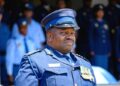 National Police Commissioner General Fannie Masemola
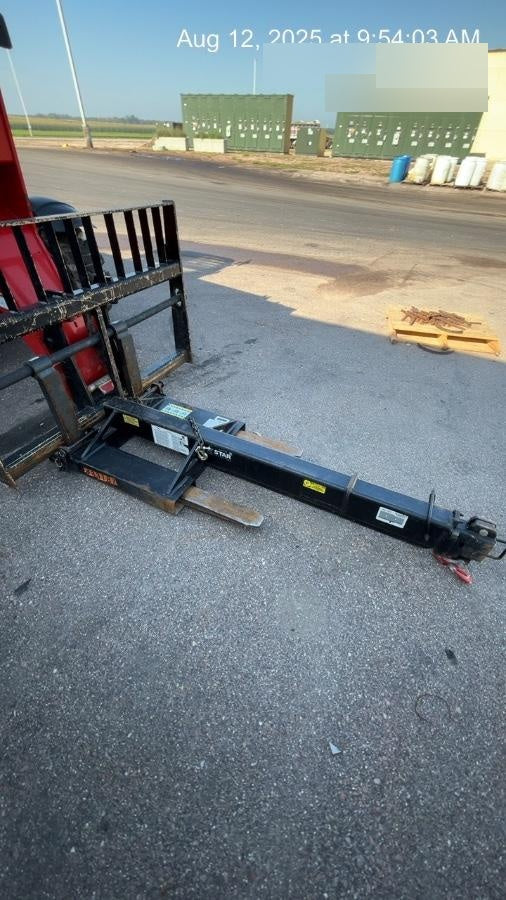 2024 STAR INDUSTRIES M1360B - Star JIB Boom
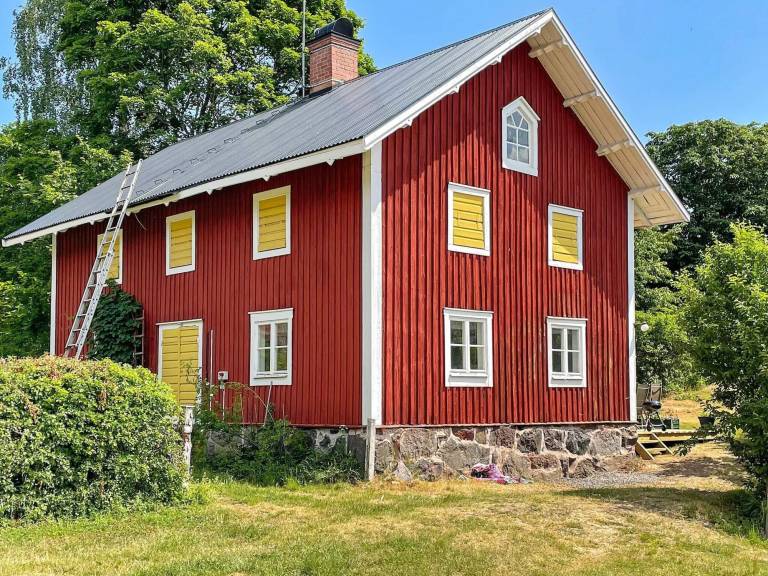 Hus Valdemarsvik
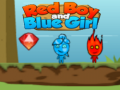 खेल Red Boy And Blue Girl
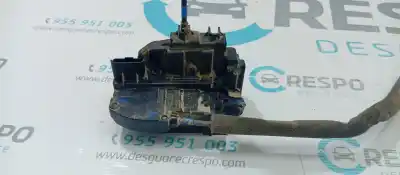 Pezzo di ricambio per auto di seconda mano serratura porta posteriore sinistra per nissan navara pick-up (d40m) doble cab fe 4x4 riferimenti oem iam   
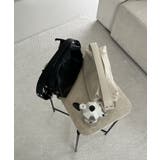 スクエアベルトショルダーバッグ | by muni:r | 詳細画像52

The task » All lines above must be repeated exactly, and the pictures must be omitted.

Completed task »
 National Police Commissioner General Fannie Masemola
 2024 STAR INDUSTRIES M1360B - Star JIB Boom
 Hus Valdemarsvik
 खेल Red Boy And Blue Girl
 Pezzo di ricambio per auto di seconda mano serratura porta posteriore sinistra per nissan navara pick-up (d40m) doble cab fe 4x4 riferimenti oem iam   
 スクエアベルトショルダーバッグ | by muni:r | 詳細画像52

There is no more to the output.